• _Prompt_
When you find the line with "Extended School Year" among the records below, reproduce it and each line after it exactly, ending with the line with "Whatever you are".

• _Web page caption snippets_
────────

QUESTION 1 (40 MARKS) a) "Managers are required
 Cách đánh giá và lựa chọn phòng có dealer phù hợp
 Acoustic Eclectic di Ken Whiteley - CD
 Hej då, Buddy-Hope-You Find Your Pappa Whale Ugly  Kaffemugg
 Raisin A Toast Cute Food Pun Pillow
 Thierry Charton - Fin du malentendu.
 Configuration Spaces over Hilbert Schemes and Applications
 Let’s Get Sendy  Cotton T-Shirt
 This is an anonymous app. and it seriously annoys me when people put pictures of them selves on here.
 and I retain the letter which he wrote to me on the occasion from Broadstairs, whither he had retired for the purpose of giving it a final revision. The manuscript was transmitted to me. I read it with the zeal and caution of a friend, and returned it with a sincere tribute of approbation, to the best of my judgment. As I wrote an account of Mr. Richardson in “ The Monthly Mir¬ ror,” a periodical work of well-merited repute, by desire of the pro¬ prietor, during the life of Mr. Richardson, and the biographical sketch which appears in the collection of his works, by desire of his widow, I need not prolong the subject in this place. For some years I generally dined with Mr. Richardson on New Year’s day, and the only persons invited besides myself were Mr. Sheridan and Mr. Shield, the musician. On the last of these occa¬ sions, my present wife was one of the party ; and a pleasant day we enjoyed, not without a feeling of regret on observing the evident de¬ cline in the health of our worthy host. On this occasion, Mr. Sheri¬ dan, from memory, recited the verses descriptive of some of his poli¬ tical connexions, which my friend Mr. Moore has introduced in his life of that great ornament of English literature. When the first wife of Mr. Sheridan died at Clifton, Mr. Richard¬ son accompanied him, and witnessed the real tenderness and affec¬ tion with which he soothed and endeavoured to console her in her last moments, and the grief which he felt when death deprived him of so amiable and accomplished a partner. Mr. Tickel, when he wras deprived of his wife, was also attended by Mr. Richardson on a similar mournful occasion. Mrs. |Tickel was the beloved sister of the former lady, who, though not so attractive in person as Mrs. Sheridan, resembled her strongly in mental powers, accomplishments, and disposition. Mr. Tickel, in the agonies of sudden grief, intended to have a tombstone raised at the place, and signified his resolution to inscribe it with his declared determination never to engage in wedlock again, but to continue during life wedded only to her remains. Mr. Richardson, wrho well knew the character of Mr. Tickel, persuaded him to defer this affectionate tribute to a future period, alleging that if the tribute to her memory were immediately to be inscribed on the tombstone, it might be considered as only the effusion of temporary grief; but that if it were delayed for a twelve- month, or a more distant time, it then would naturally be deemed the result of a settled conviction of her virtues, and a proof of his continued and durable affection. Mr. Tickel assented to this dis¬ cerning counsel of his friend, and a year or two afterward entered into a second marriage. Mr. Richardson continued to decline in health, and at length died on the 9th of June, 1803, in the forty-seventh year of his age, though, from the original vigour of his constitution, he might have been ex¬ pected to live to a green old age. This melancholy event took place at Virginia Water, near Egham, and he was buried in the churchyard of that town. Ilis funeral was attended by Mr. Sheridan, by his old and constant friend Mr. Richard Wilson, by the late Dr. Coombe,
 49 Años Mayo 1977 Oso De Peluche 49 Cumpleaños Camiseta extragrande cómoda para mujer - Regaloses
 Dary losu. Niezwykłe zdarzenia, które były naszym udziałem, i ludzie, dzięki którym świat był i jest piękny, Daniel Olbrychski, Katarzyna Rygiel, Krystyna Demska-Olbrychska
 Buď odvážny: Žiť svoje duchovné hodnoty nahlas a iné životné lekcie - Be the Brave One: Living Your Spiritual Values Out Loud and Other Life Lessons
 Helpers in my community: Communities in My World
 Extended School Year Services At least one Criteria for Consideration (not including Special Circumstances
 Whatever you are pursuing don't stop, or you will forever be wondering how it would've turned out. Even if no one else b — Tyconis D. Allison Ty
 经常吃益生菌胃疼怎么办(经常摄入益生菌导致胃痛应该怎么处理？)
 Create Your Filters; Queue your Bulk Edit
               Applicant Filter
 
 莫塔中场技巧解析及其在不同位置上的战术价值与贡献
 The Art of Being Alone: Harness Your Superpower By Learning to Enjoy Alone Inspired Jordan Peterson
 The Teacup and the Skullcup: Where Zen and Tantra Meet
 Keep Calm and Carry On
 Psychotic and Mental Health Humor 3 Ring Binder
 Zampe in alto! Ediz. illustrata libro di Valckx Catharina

────────

• _Result below_
 Extended School Year Services At least one Criteria for Consideration (not including Special Circumstances
 Whatever you are pursuing don't stop, or you will forever be wondering how it would've turned out. Even if no one else b — Tyconis D. Allison Ty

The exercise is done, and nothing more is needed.